• [Task details] Pictures must not appear in the copy. Restate exactly the lines below from the one with "9867 Finnegan Drive, Brighton, MI 48116" through the one with "2 corujas em metal", inclusive.

• [Available records]
______
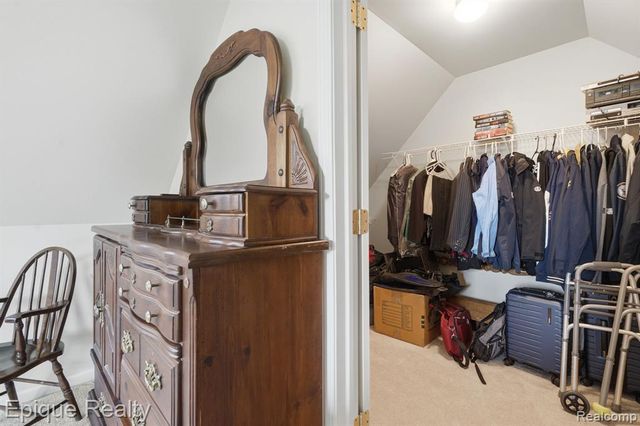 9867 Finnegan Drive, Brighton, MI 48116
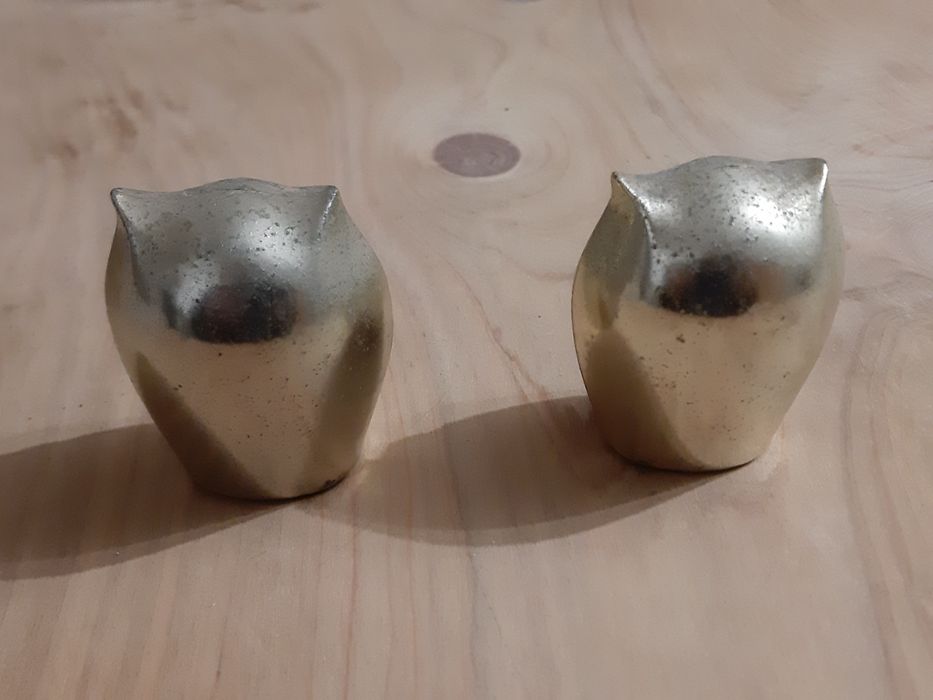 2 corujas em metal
______
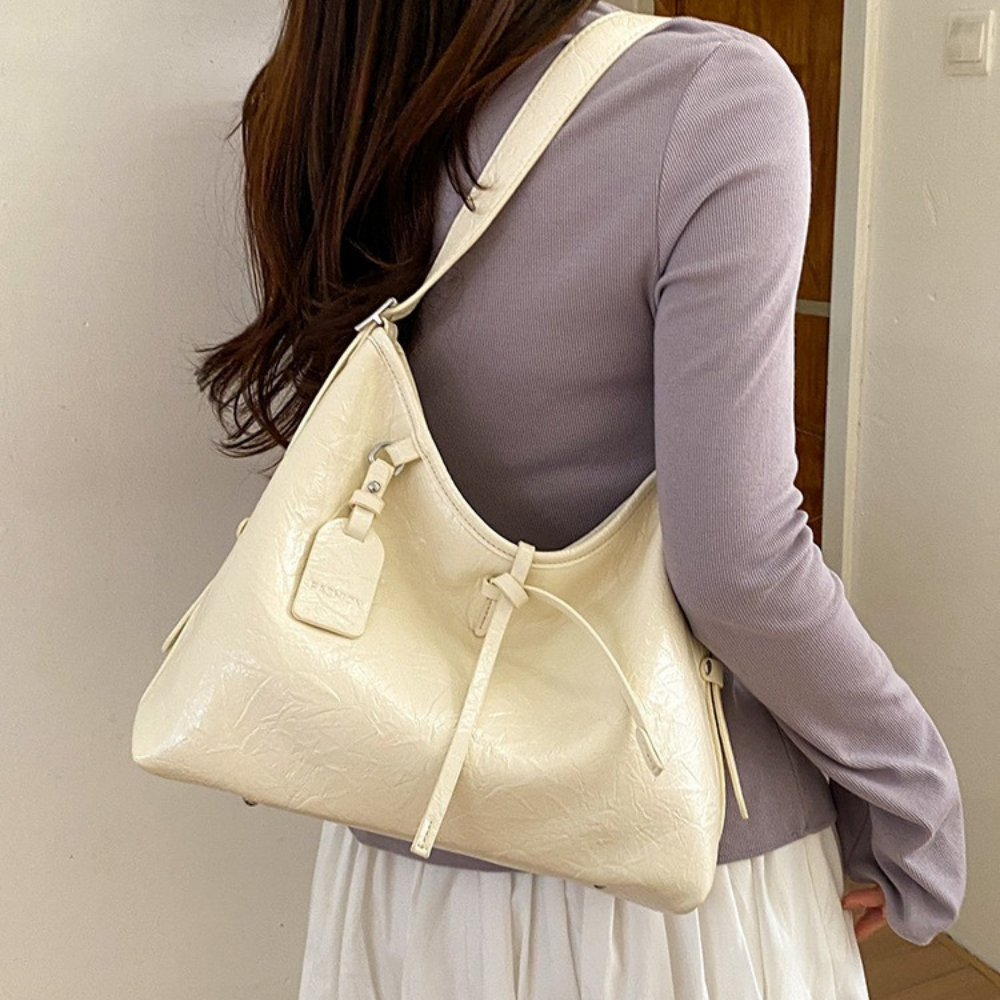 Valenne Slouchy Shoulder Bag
______
• [Response area]
 9867 Finnegan Drive, Brighton, MI 48116
 2 corujas em metal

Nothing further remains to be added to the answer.